WORK REQUIRED ▸
The line containing "The Roman Republic" marks the end: extract everything from the first line of the data through that line, exactly, with no pictures.

EXERCISE INPUTS ▸

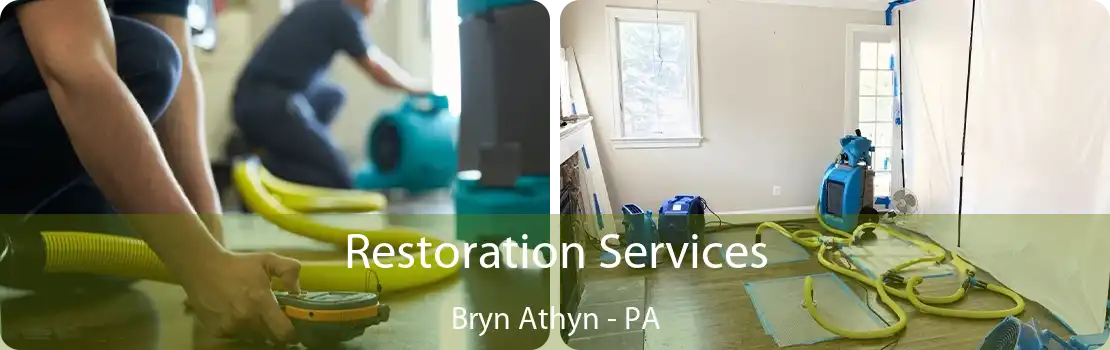 Restoration Services Bryn Athyn - PA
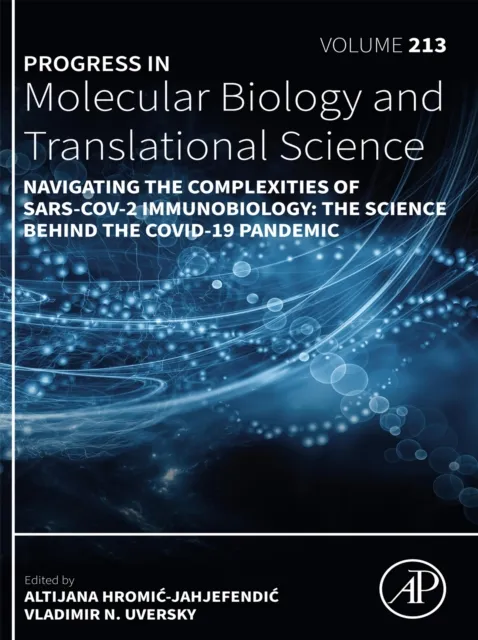 Navigating the Complexities of SARS-CoV-2 Immunobiology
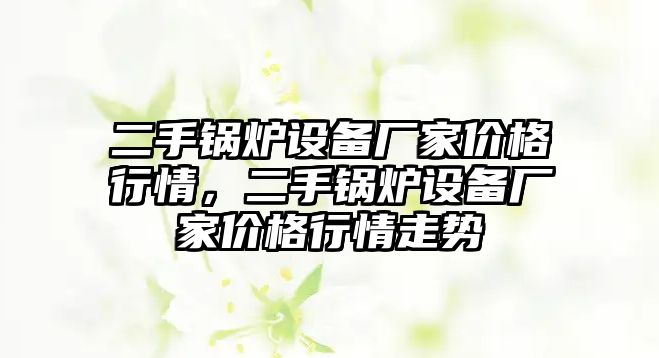 二手鍋爐設(shè)備廠家價(jià)格行情，二手鍋爐設(shè)備廠家價(jià)格行情走勢(shì)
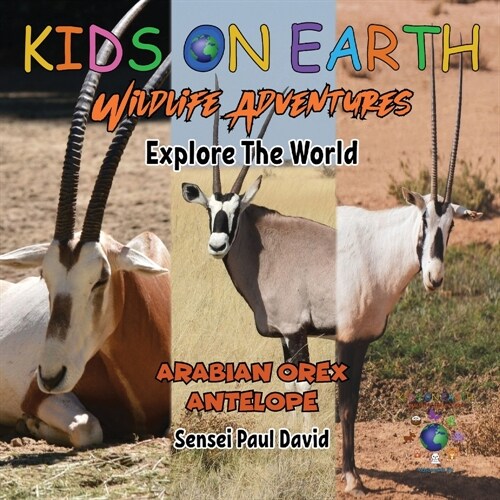 KIDS ON EARTH Wildlife Adventures - Explore The World: Arabian Oryx Antelope - Israel (Paperback)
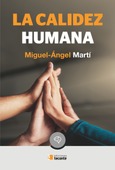 Portada de: La calidez humana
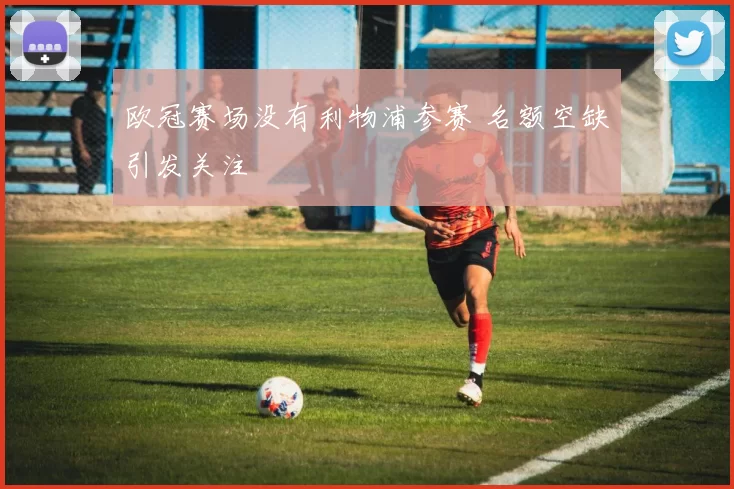 欧冠赛场没有利物浦参赛 名额空缺引发关注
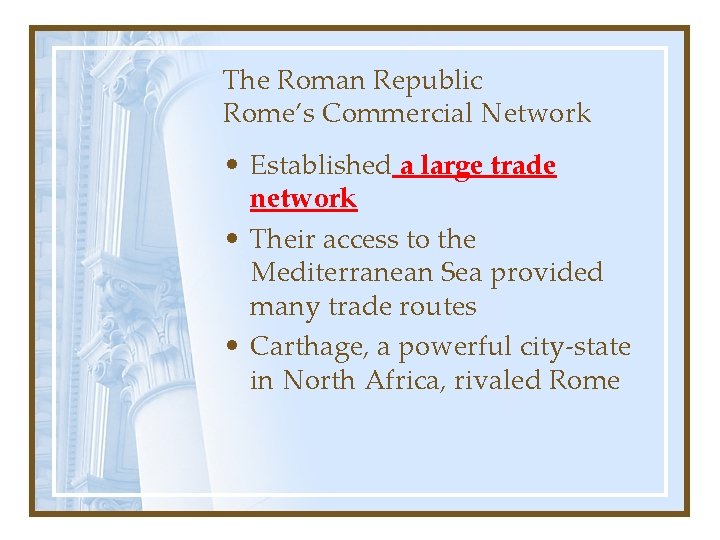 The Roman Republic Rome’s Commercial Network • Established a large trade network • Their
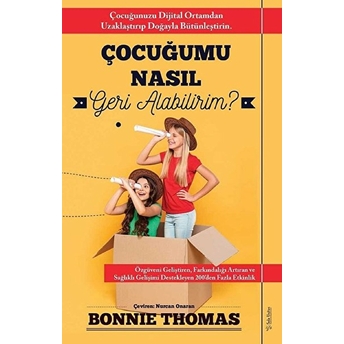 Çocuğumu Nasıl Geri Alabilirim? Bonnie Thomas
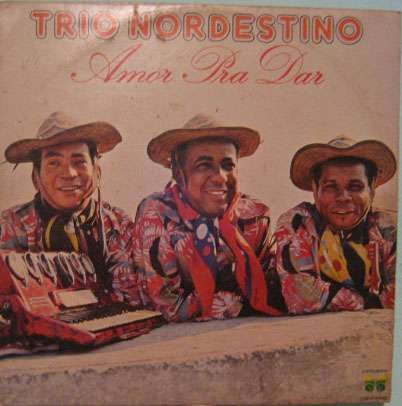 Trio Nordestino  - Amor Pra Dar  -  1983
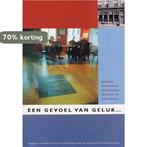 Een Gevoel Van Geluk ... 9789072284051, Verzenden, Gelezen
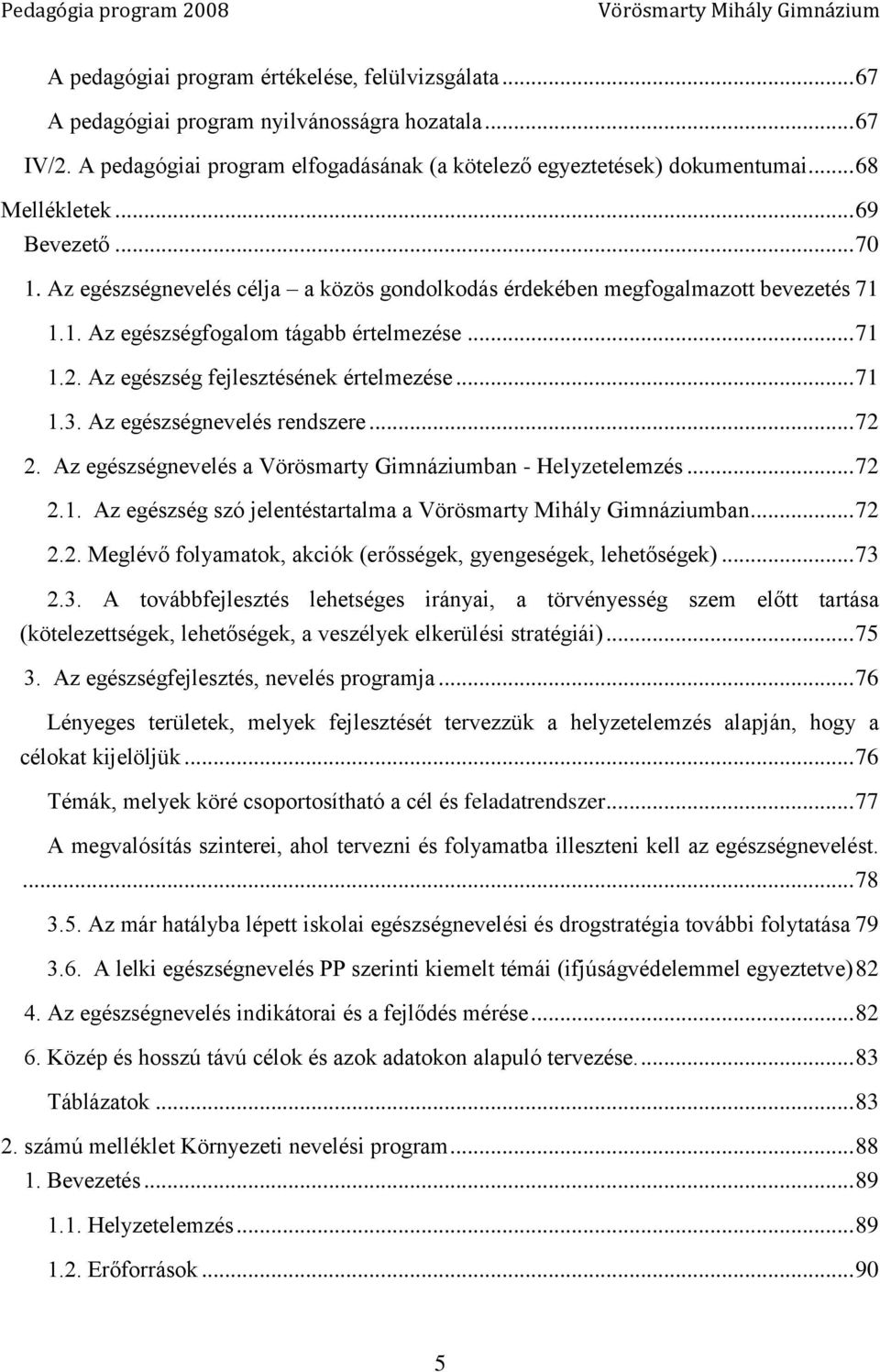 Az egészségnevelés célja a közös gondolkodás érdekében megfogalmazott bevezetés 71 1.1. Az egészségfogalom tágabb értelmezése... 71 1.2. Az egészség fejlesztésének értelmezése... 71 1.3.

RESPONSE ▸
 Restoration Services Bryn Athyn - PA
 Navigating the Complexities of SARS-CoV-2 Immunobiology
 二手鍋爐設(shè)備廠家價(jià)格行情，二手鍋爐設(shè)備廠家價(jià)格行情走勢(shì)
 KIDS ON EARTH Wildlife Adventures - Explore The World: Arabian Oryx Antelope - Israel (Paperback)
 Portada de: La calidez humana
 欧冠赛场没有利物浦参赛 名额空缺引发关注
 The Roman Republic Rome’s Commercial Network • Established a large trade network • Their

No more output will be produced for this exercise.